Captioned web image data
=== Section Start ===

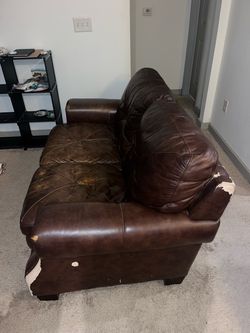 Brown leather sofa set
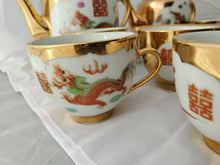 Vintage Chinese Red And White Gold Plated Dragon And Phoenix Double Tea Set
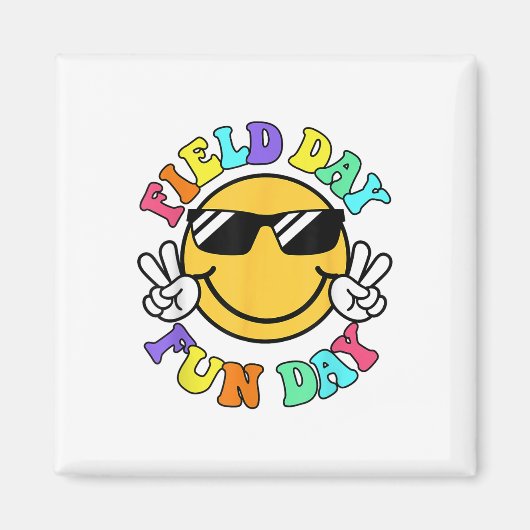 Aimant Field Day Fun Day Smile Face Enseignants Field Da (Devant)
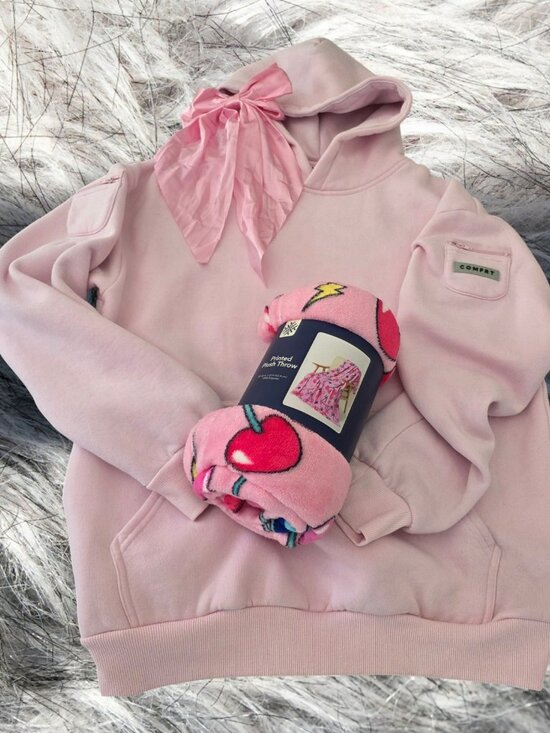 Comfrt Tops - 🌸 Aesthetic Pink Travel Bundle | Comfrt Hoodie + Plush Cherry Throw + Satin Bow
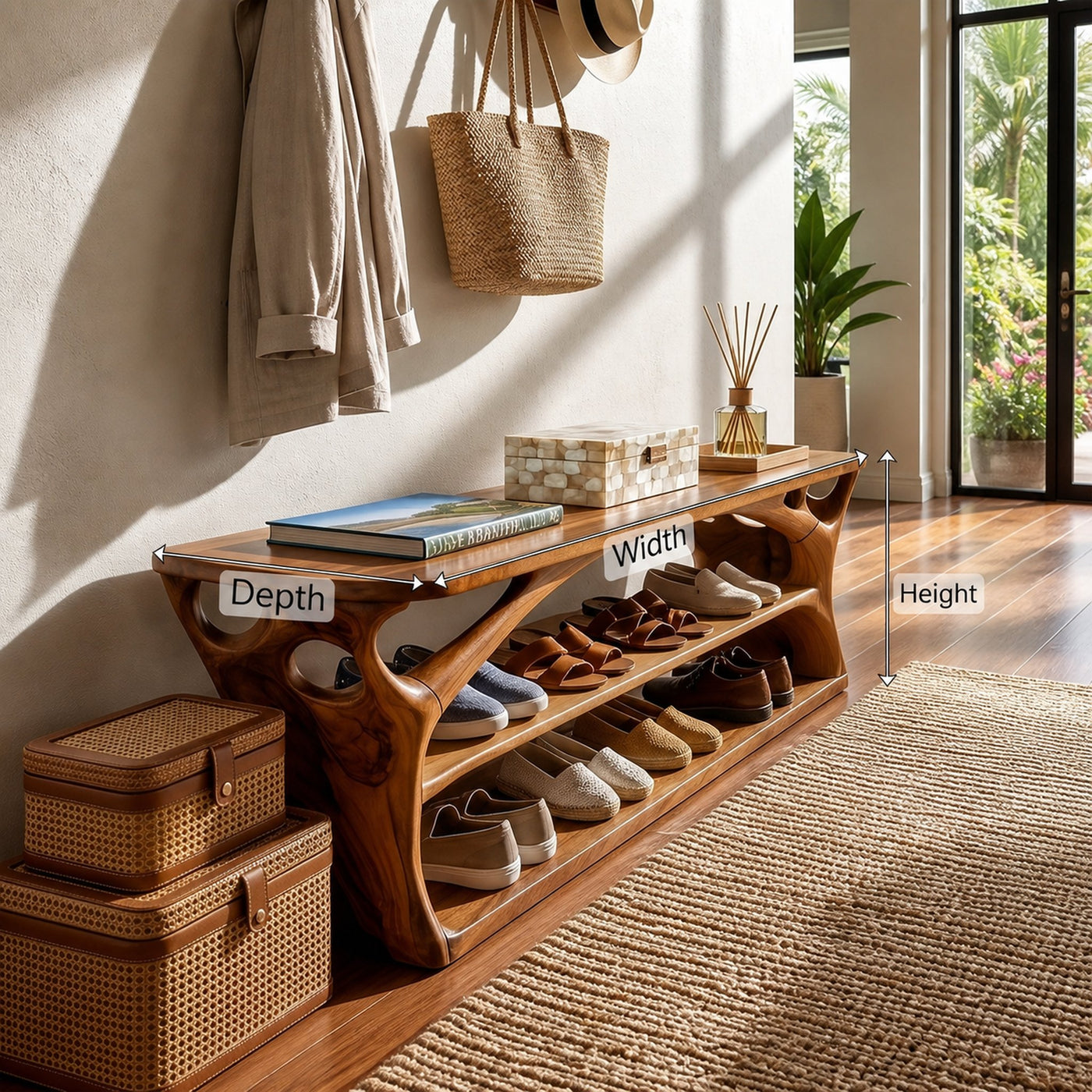 Japandi Shoe Cabinet For Mudroom Storage Corner Placement - product view 8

=== Section End ===

> [PROBLEM] Reproduce the span beginning at the line with "Comfrt Tops - 🌸" and ending at the last line of the entries above, inclusive, exactly as it stands. Exclude the pictures.

> [YOUR RESPONSE]
 Comfrt Tops - 🌸 Aesthetic Pink Travel Bundle | Comfrt Hoodie + Plush Cherry Throw + Satin Bow
 Japandi Shoe Cabinet For Mudroom Storage Corner Placement - product view 8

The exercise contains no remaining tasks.